Da igreja apostólica é possível extrair alguns princípios indispensáveis para a prática do discipulado contemporâneo. Em primeiro lugar, a vida no Espírito. Muitos cristãos identificam que algo está faltando em sua vida e reconhecem que a presença do Espírito Santo é sua maior necessidade. Portanto, é importante que pastor e líderes locais levem cada membro da igreja a buscar diariamente o Espírito, de modo pessoal e coletivo, a fim de que haja santificação, capacitação e poder para cumprir a missão.

Em segundo lugar, o discipulado é a missão. Todo membro da igreja é um discípulo, por isso cada um deve se envolver na missão. Jesus disse: “Nisto é glorificado o Meu Pai: que vocês deem muito fruto; e assim mostrarão que são Meus discípulos” (Jo 15:8). Não existe fidelidade estéril. A igreja apostólica ensina que devemos discipular as pessoas individual e coletivamente.

Em terceiro lugar, a organização em rede. Conforme crescia, a igreja apostólica criava pequenos núcleos cristãos nas cidades. Nesses grupos, os líderes tinham a responsabilidade de ensinar outras pessoas. Esse modo de estruturação mobiliza o discipulado e facilita o pastoreio. A igreja deve se organizar em pequenas comunidades de amor para alcançar os perdidos que estão carentes de amizade, acolhimento e senso de pertencimento.

Com fundamentação bíblica e mediante exemplo pessoal, o pastor deve motivar a liderança local e a igreja a crescer espiritualmente, de maneira que sejam encorajados a fazer discípulos para o reino de Deus. Muita energia tem sido empregada das portas para dentro de nossos templos. Por isso, com amor e paciência, é preciso ensinar aos membros o que é ser igreja e como viver a missão das portas para fora.
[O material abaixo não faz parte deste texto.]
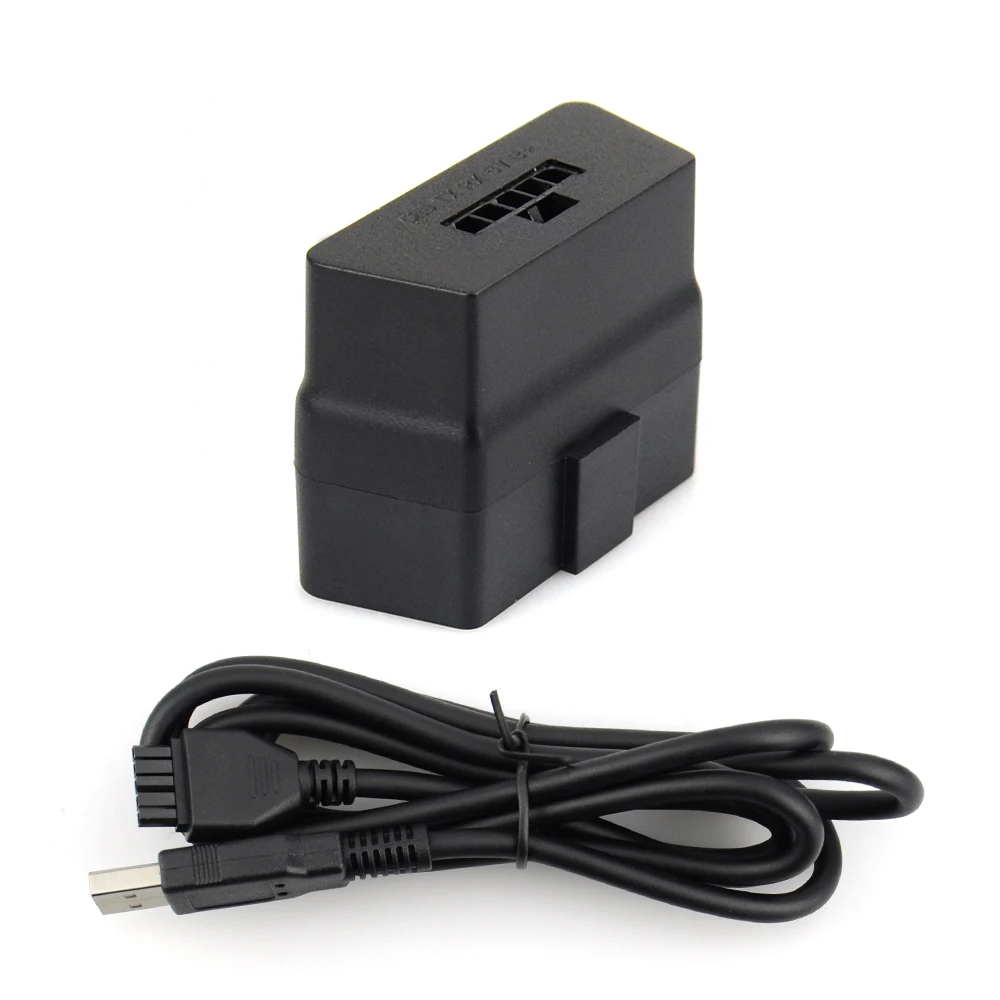 USB ELM327 V1.5 V07HU PIC18f25k80 + FT232RL чип RS232 порт на ПК ELM 327 Автомобильный диагностический
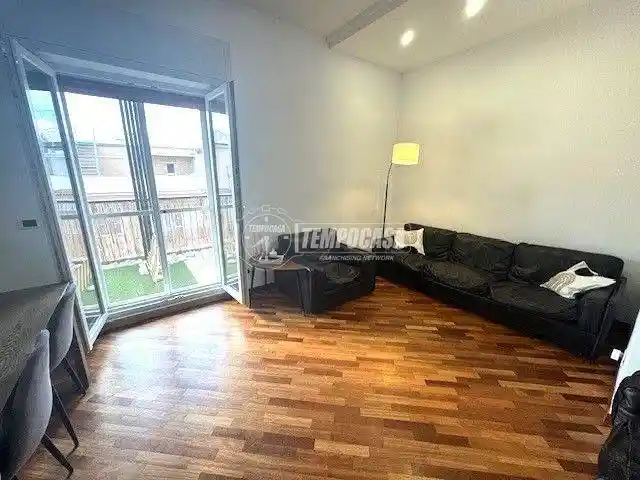 Trilocale via Mario Pagano, Immacolata, Foggia - foto 3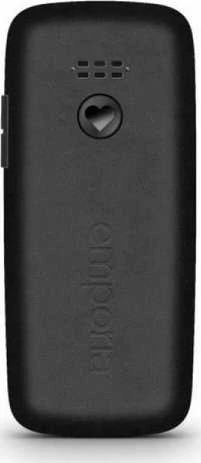 Emporia HAPPY mobilusis telefonas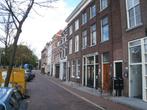 Te huur: Appartement aan Noordeinde in Delft, Huizen en Kamers, Zuid-Holland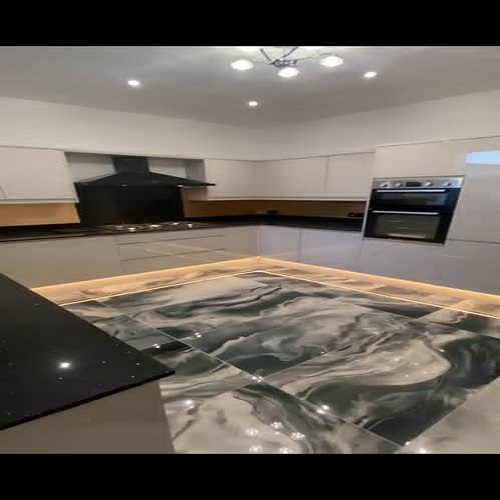 M&M Kitchens&Bathrooms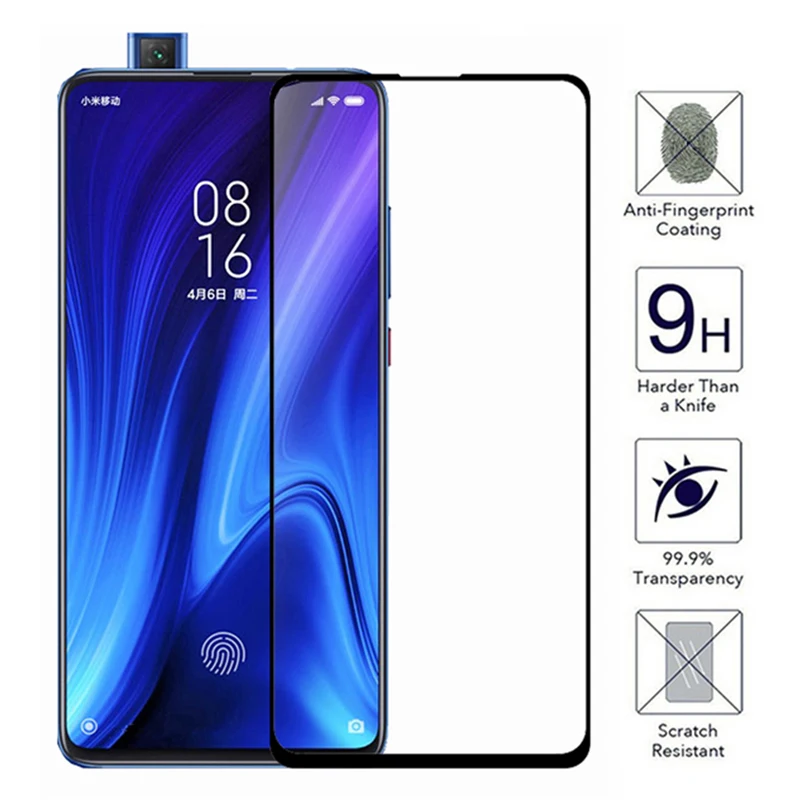 2 в 1 Защитное стекло для объектива камеры xiomi mi 9 t защита экрана xiaomi mi9tpro pro 9tpro xaomi t9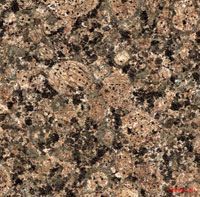 3453 Tallin Granite Hochglanz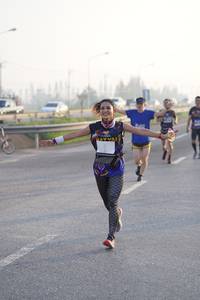 BIB: 
                            <button type="button" onclick="openModal(3712243)" class="btn btn-primary btn-sm float-right btn-popup" data-toggle="modal" data-target=".modal-high-quality">
                        <i class="fas fa-shopping-cart"></i> Add to Cart
                    </button>
                                            <button type="button" onclick="isThisMe(3712243, true)" class="btn btn-success btn-sm float-right btn-popup btn-isme hidden" data-toggle="tooltip" data-placement="bottom" title="นี่คือรูปของคุณใช่ไหม คลิกที่นี่เพื่อเอาเข้าอัลบั้ม">
                        <i class="fas fa-plus"></i> Add to album
                    </button>
                    <button type="button" onclick="isThisMe(3712243, false)" class="btn btn-warning btn-sm float-right btn-popup btn-isnotme hidden">
                        <i class="fas fa-ban"></i> Remove from album
                    </button>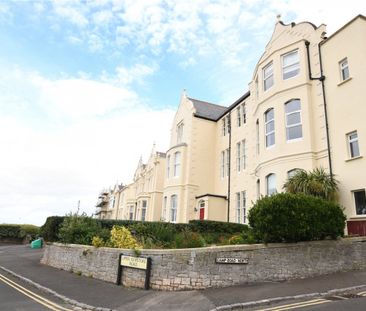 3 Bed Property To Rent - Photo 6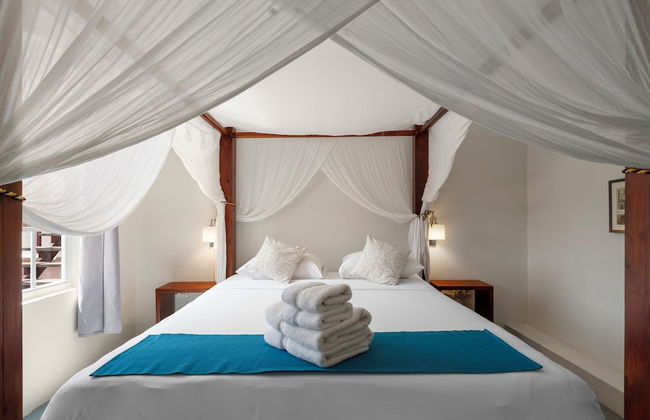 The Ritz Village Hotel - Foto 15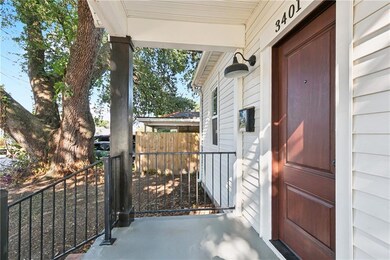 3401 W Metairie Ave S, Metairie, LA 70001 - photo 2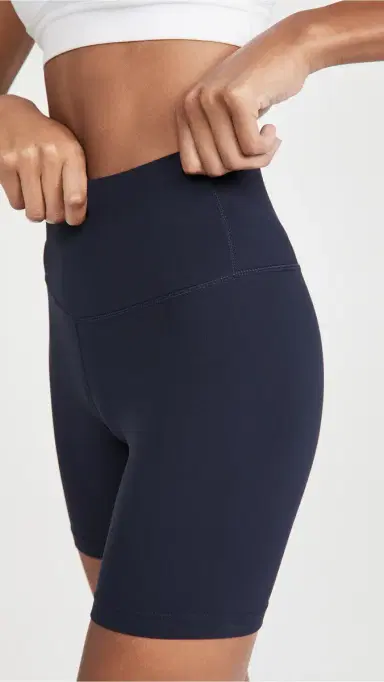Splits59 Airweight Bike Shorts Indigo | Thumbnail 6 Splits59 Airweight Bike Shorts Indigo | Thumbnail 6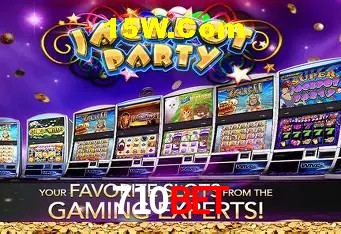 Casino Ao Vivo 710Bet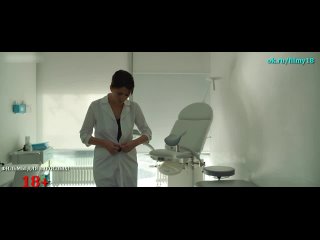 best фильм для взрослых 18 драма в 2009 best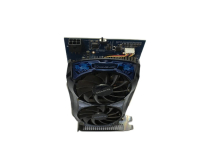 Видеокарта 1Gb GeForce 450 GTS GIGABYTE GV-N450OC2-1GI, PCI-E "!"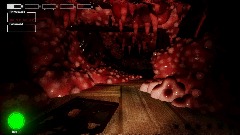 A screenshot taken in Dreams. 27 of 28.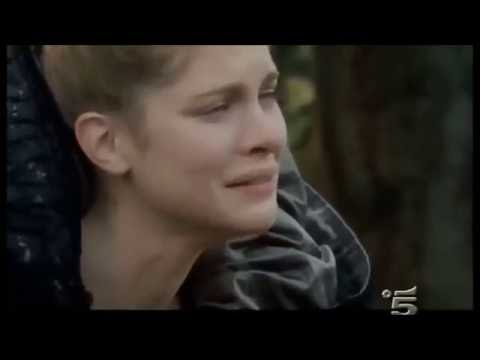 Funerale del Conte Fabrizio, di Savio Riccardi -  Elisa di Rivombrosa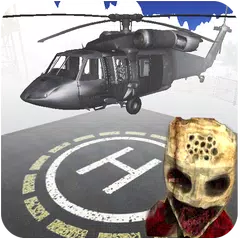SCP 354 Episode 2 APK download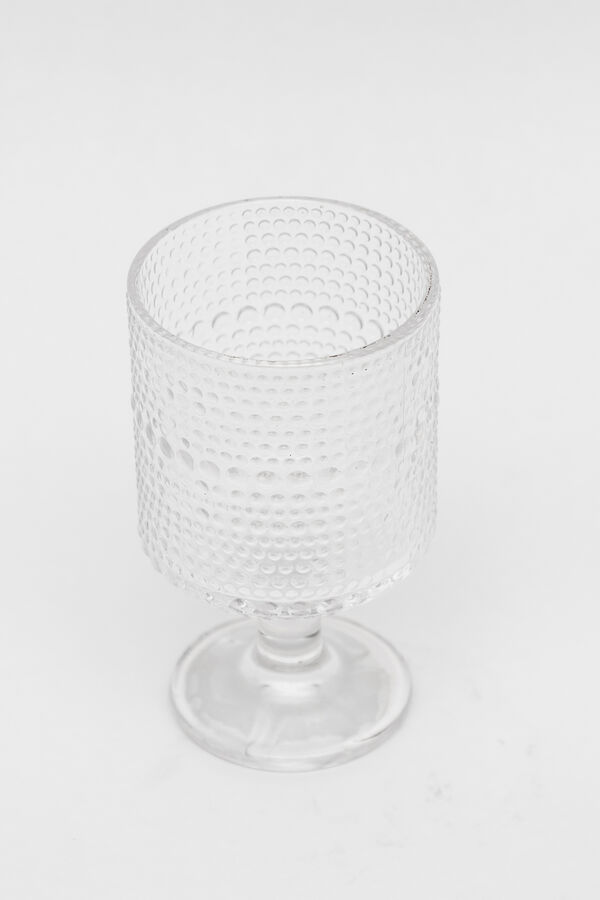 Copa Atenea GUSTO 1 image number null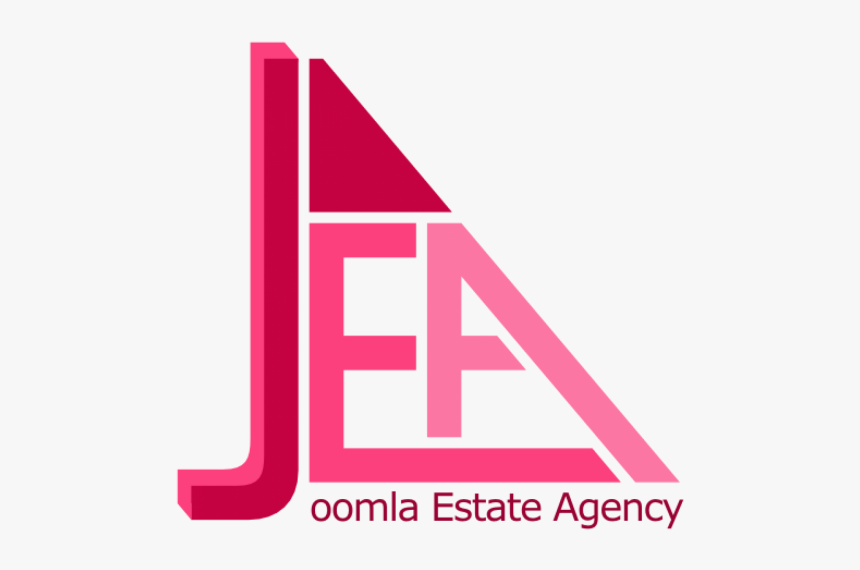 Logo - Triangle, HD Png Download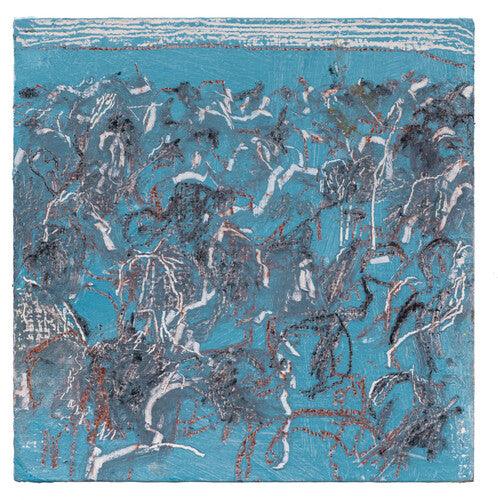 Cass McCombs- Vacation From Thought B/w Give It Back { VINYL LP }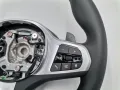 Нов M Sport волан G06 BMW G30 G31 G05 G06 G15 G01 X5 X6 Вибрация Пера, снимка 6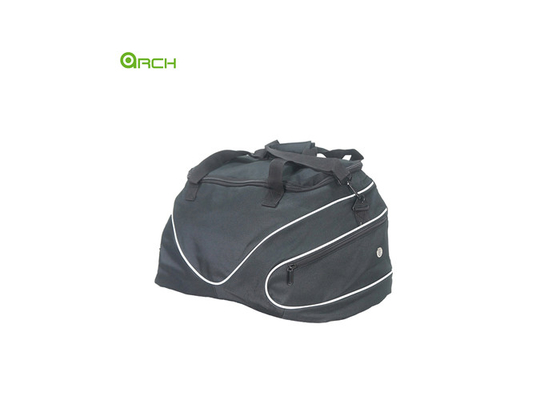 Bolsa al por mayor 600D bolsa multifuncional de gimnasio de deportes al aire libre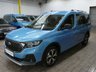 USED 2023 23 FORD GRAND TOURNEO CONNECT 1.5 EcoBoost Active MPV 5dr Petrol DCT Euro 6 (s/s) (114 ps) 5 SEATS SAT NAV CARPLAY HEATED SEATS CRUISE CONTROL PARKING SENSORS 1 OWNER SERVICE HISTORY WARRANTY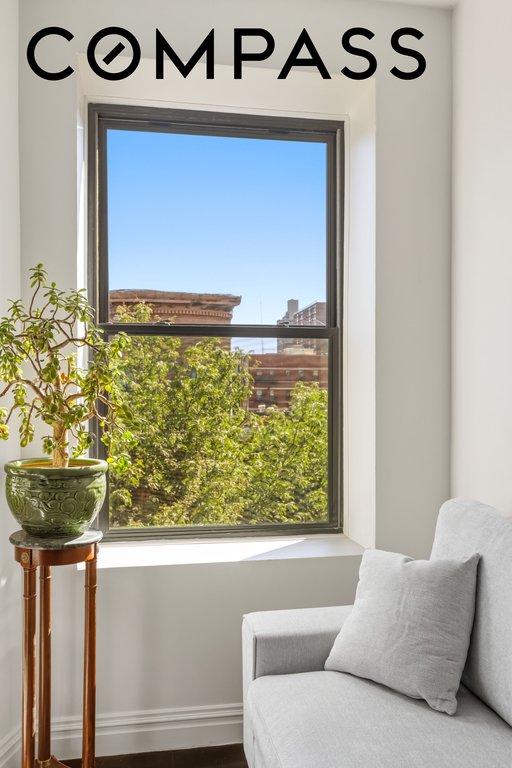 261 West 137th Street, Unit 3 photo 2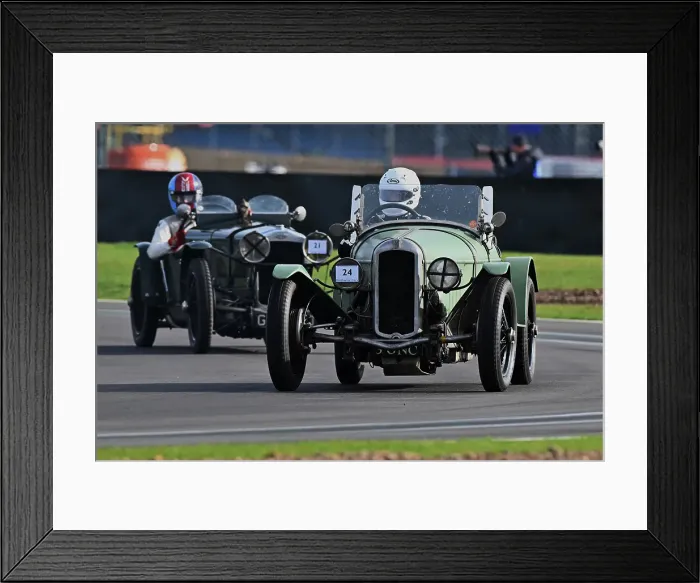 Framed Print : CZ1_0565 James Topliss, GN Gnome.jpg Framed Print : CZ1_0565 James Topliss, GN Gnome.jpg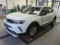 preview Opel Mokka #0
Ellen White afirmou: “Enquanto a igreja se contentar com pequenas coisas estará inapta a receber as grandes coisas de Deus. […] O desígnio do Senhor é que o [Espírito Santo] coopere com o esforço humano.”Que nosso ministério ajude as pessoas a buscar a plenitude do poder de Deus. 

Referências

1 Ver João Renato Alves, “Rede de salvação”, Ministério, maio/junho de 2021, p. 14-17.

2 Ellen G. White, Atos dos Apóstolos (Tatuí, SP: Casa Publicadora Brasileira, 2006), p. 156, 157.

3 Eusébio de Cesareia, História Eclesiástica, livro 2, capítulo 15; livro 3, capítulo 39.

4 Ellen G. White, E Recebereis Poder [MM 1999] (Tatuí, SP: Casa Publicadora Brasileira, 1999), p. 10.